:: Collected data ::

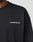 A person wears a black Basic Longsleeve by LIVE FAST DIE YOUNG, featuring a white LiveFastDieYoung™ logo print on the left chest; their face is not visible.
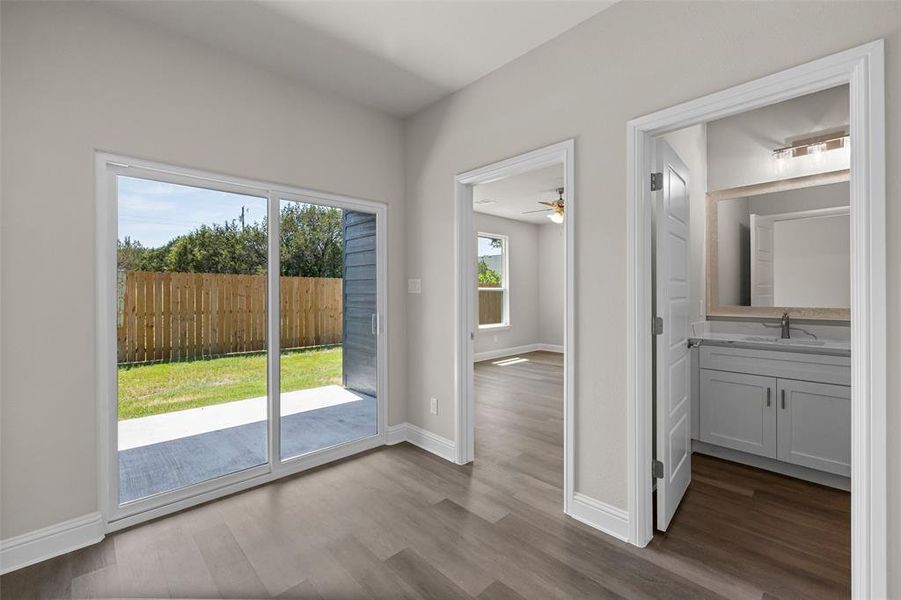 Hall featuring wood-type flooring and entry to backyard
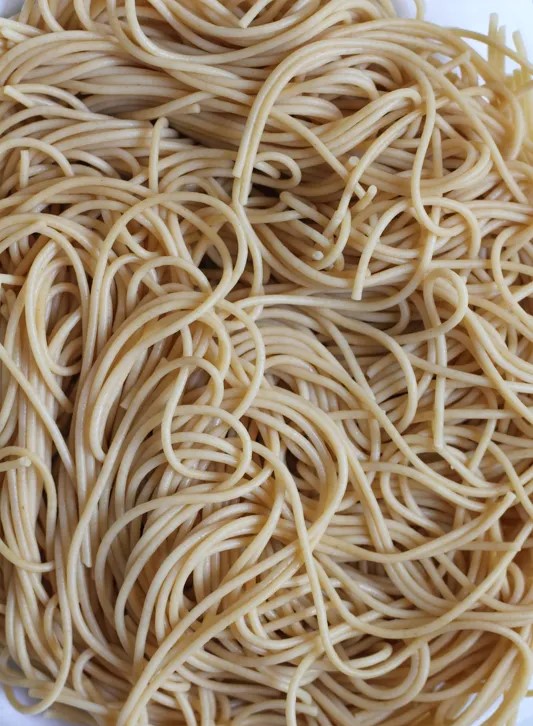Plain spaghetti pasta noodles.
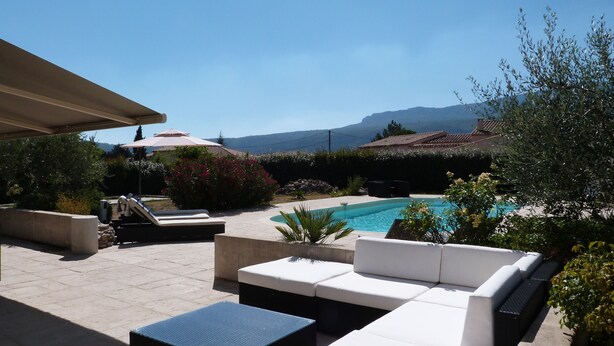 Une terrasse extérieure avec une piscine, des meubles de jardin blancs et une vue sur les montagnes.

:::

## [Task description]
Copy out every line of the data above, taking care to leave the pictures out.

## [Written solution]
 A person wears a black Basic Longsleeve by LIVE FAST DIE YOUNG, featuring a white LiveFastDieYoung™ logo print on the left chest; their face is not visible.
 Hall featuring wood-type flooring and entry to backyard
Plain spaghetti pasta noodles.
 Une terrasse extérieure avec une piscine, des meubles de jardin blancs et une vue sur les montagnes.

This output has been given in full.